Un Prophète, réalisé par Jacques Audiard

Publié le par pL


GRAND PRIX ­­–  FESTIVAL DE CANNES 2009

9 CESAR 2010 DONT MEILLEUR FILM, MEILLEUR REALISATEUR, MEILLEUR ACTEUR (TAHAR RAHIM), MEILLEUR ACTEUR DANS UN SECOND RÔLE (NIELS ARESTRUP), MEILLEUR SCENARIO ORIGINAL ET MEILLEUR ESPOIR MASCULIN (TAHAR RAHIM)

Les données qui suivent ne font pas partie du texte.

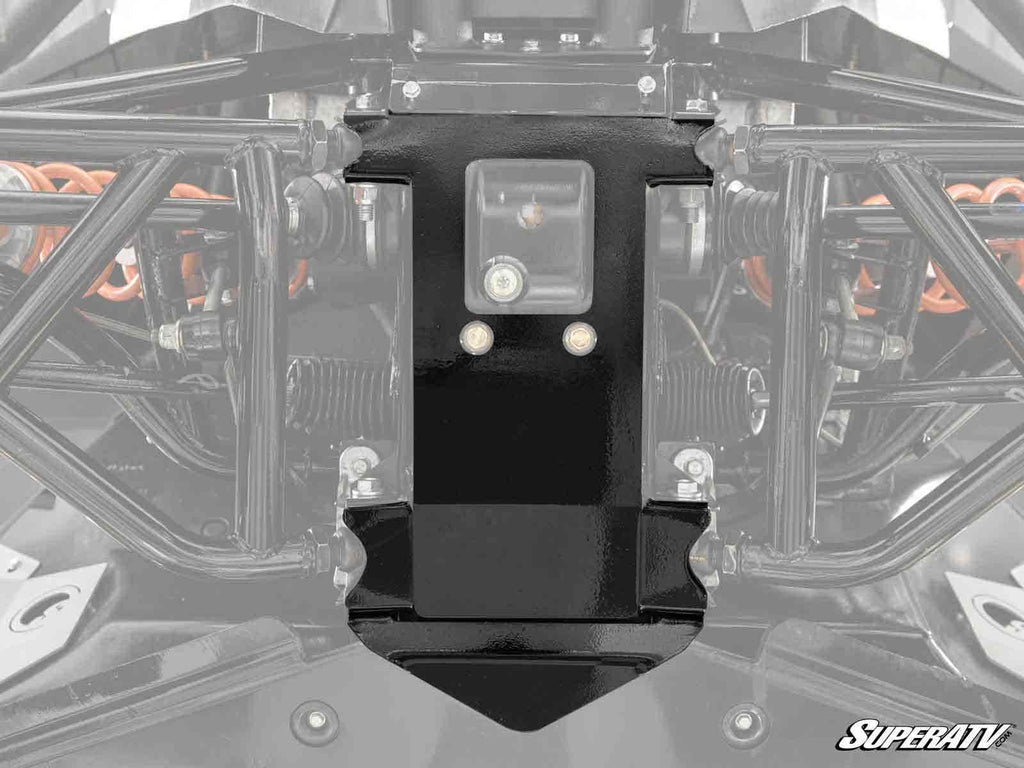 Close-up of a black Polaris General XP Frame Stiffener installed on an off-road vehicle’s undercarriage, showing suspension springs and structural components; SuperATV logo is visible in the bottom right corner.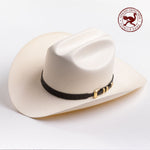 An off-white cowboy hat with a black band and gold buckle, photographed on a clean light gray background - ostrich band in red is stamped in the top right corner of the photo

Jacques Audiard est le cinéaste de la réunion du cinéma français, l’un des seuls à pouvoir réaliser un film à la fois accessible à un large public et cinématographiquement très exigent. Comme dans ses précédents longs métrages, sa réalisation est d’une très grande précision et sa direction d’acteurs brillante (après avoir su tirer le meilleur de Romain Duris, il révèle Tahar Rahim). Un prophète suit le parcours en prison de Malick, en optant pour des plans toujours très rapprochés. Le style, évoquant beaucoup De battre mon cœur s’est arrêté, traduit ici parfaitement l’enfermement et parvient, malgré quelques longueurs, à maintenir une ambiance oppressante. Un prophète est un film tendu, rappelant aussi le meilleur du film noir américain par ses airs scorsesiens, et malgré l’actualité de son propos (les débats sur l’horreur des prisons françaises surpeuplées et les conditions de détention n’ont jamais été si présents), Jacques Audiard refuse le film politique engagé. C’est peut-être sa plus grande force : décrire le quotidien en prison avec un grand réalisme et sans en atténuer la violence tout en refusant de se limiter seulement à une dénonciation.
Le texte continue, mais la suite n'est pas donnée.